I've been cleaning up a section of our property on the opposite side of a ravine that requires a lot of effort to get the wood out, which is why I  haven't logged out the dead wood in a few years. One nice oak tree had been hung up at a 45 degree angle in another tree for years and it has remained really solid since it's been up off the ground all this time. When I finally cut it up I was surprised to find it at 15% moisture on a fresh face of a split! This encouraged me to attack a few more oak trees that had been on the ground for a few years and I was happily surprised to get similar results from those tree, as well. The undersides were a little decayed, but 90% of the wood was perfectly dry and solid.
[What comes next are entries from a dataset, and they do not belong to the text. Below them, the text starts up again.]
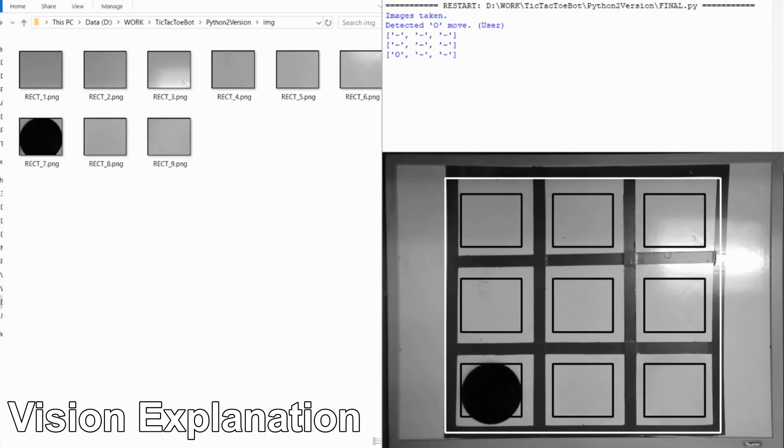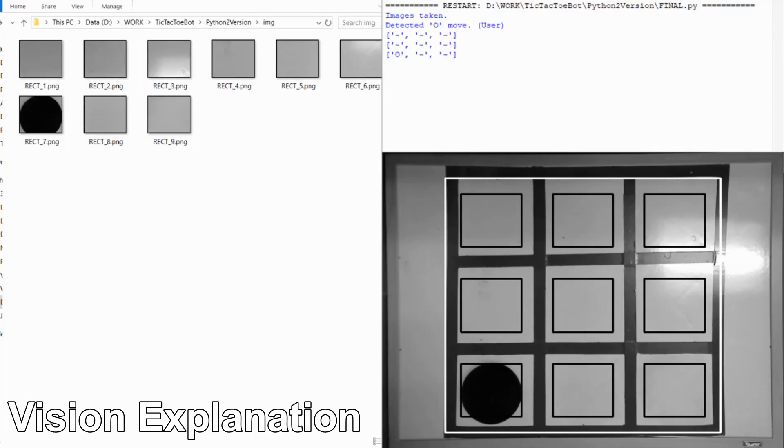The robot takes a picture of each of the nine cells of the tic-tac-toe grid. If an image is primarily black, as in this case, the robot will mark that cell as an O.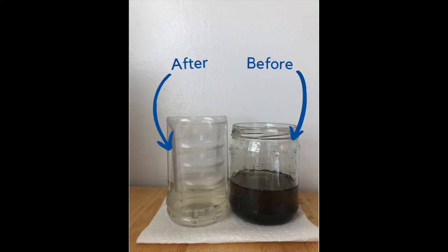Ta-da! Here's the final product. The water still looks a little dirty, but it's definitely cleaner than before. Although the water may look clean, it's important that you do not drink it, as it may contain bacteria and other microscopic organisms that can still make you sick.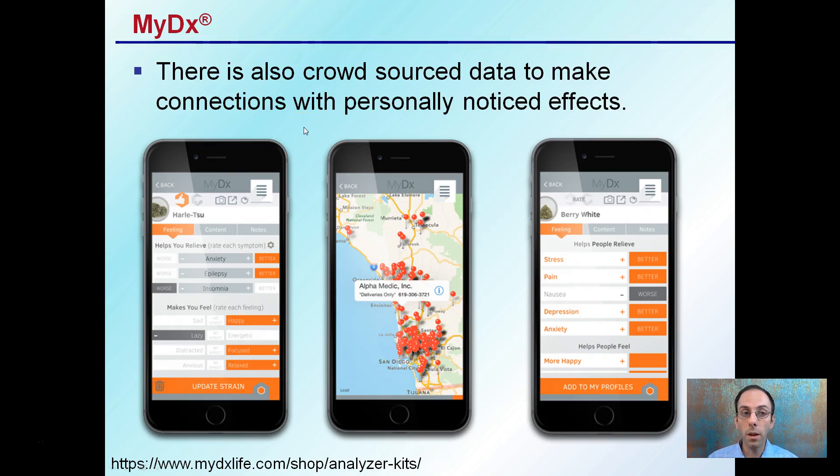There's also a crowdsourced dataset to make connections between personal effects noticed by medical patients — for pain, stress, and depression — populating information based on what you feel and putting that into a dataset that can be accessed through the MyDX app.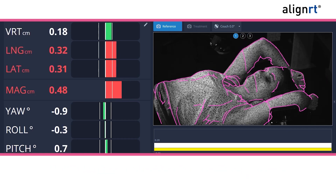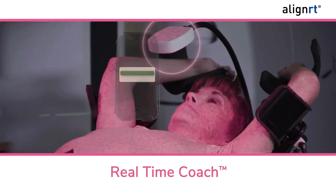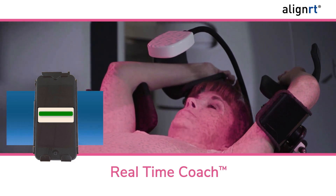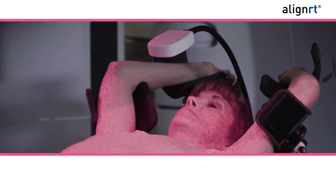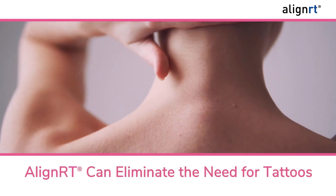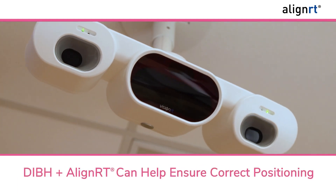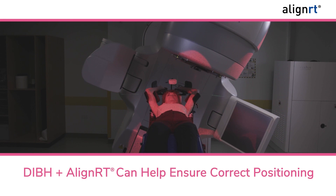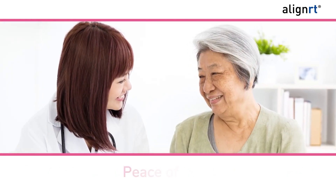Some centers may use the contactless real-time coach display to help monitor your breathing during treatment. It provides a clear, simple display showing your breathing motion, allowing you to control your breath hold. AlignRT can also eliminate the need for tattoos or skin marks for certain patients by helping to set up and monitor positioning with sub-millimeter accuracy. Using DIBH and AlignRT can help ensure you are positioned correctly before and during your radiation treatment, giving you and your cancer radiation team peace of mind.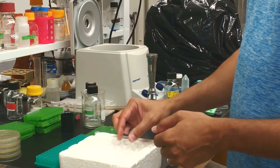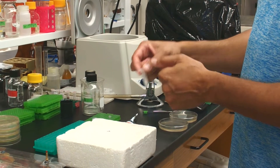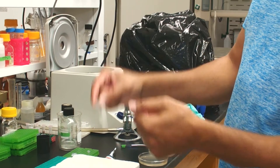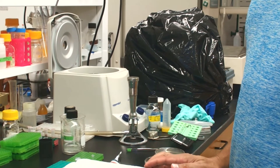These competent cells have been made by the Inoue method, which produces ultra-competent cells. Once the DNA has been added, you're going to flick the tube slightly like this to mix the DNA. Now they're ready to be transformed.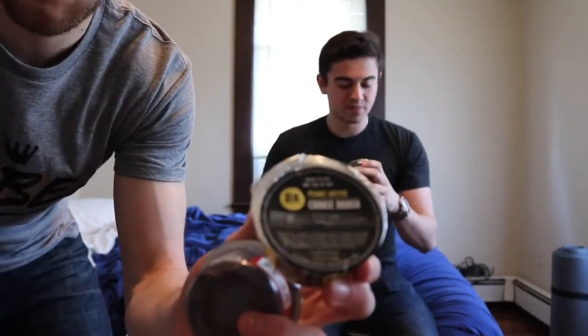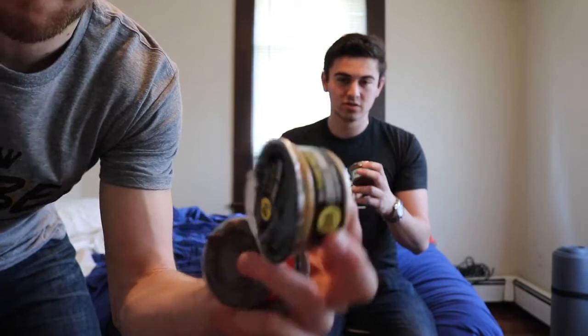We have PS Snacks cookie dough and it comes in a little cup — a three-ounce cup. We have three different flavors: chocolate chip, fudge brownie, and peanut butter. The macros are 200 calories, 10 grams of fat, 22 carbs, and 5 grams of protein. The number one ingredient is organic garbanzo beans, so it's a bean-based cookie dough, which is a little bit healthier, gives you some protein, and they use all real ingredients with no artificial stuff.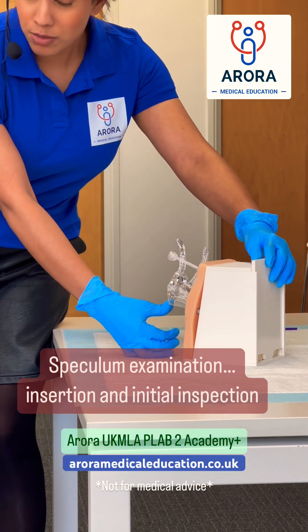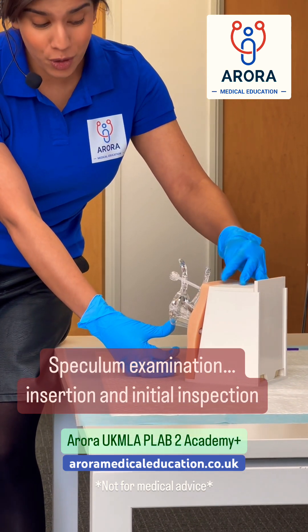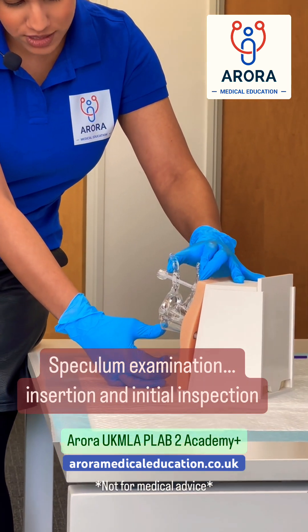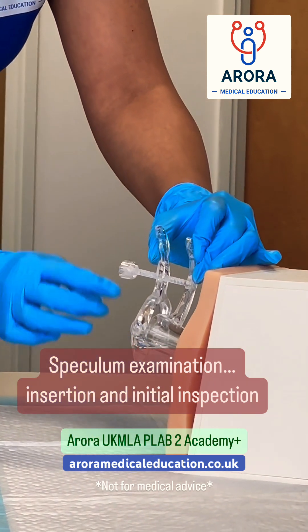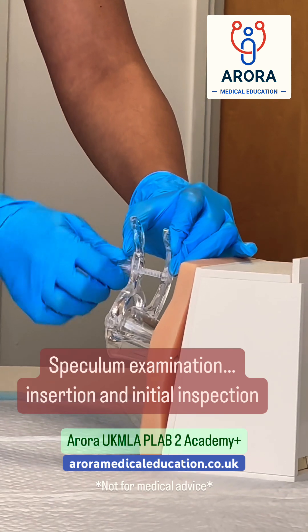At this point, tell the patient if they want to know that. Some patients don't want to know that you're opening the speculum. And now gently press the two levers together and then with your dominant hand, screw the bolt shut.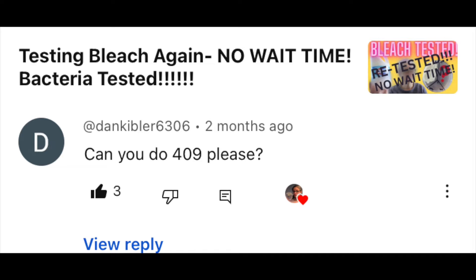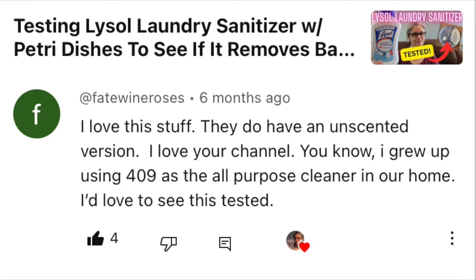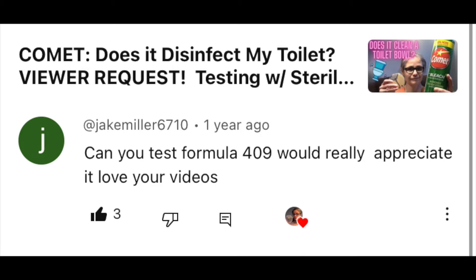Hi everybody. Today's focus: I am testing Formula 409 to see how well it removes bacteria from my home. Today's video is a viewer request. I received requests to test 409 from Dan Kibler, Fate Wine Roses, and Jake Miller. So 409 is one of those cleaners that my mom always had around when I was growing up, so I'm also curious to see how well it removes bacteria.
This kind of oak has the added advantage of being so much lighter to carry out a piece at a time compared to fresh cut wet oak. I can handle 12" rounds up to 20" long and carry them across rugged terrain to a trail where I can get my wheelbarrow about 100 yards away.


----------



## Woody Stover (Mar 2, 2014)

billb3 said:


> 7 cords of dead standing red oak
> a couple weekends in November, a couple weekends in February
> tops around 19/20%, tree base approaches 27% when cut
> 
> the wood I cut and split  in November is down to 15/16 to 21/22%


Man, you've got me fired up about all the dead Black/Red I've got around here. If I can stack a bunch of tops for my SILs, they'll have some long-march wood for next season instead of the soft Maple and Cherry I've been feeding them the last couple years. Having a hard time getting ahead on those folks...got my hands full feeding our stove plus the mighty Buck.


----------



## 7acres (Mar 2, 2014)

Woody Stover said:


> Man, you've got me fired up about all the dead Black/Red I've got around here. If I can stack a bunch of tops for my SILs, they'll have some long-march wood for next season instead of the soft Maple and Cherry I've been feeding them the last couple years. Having a hard time getting ahead on those folks...got my hands full feeding our stove plus the mighty Buck.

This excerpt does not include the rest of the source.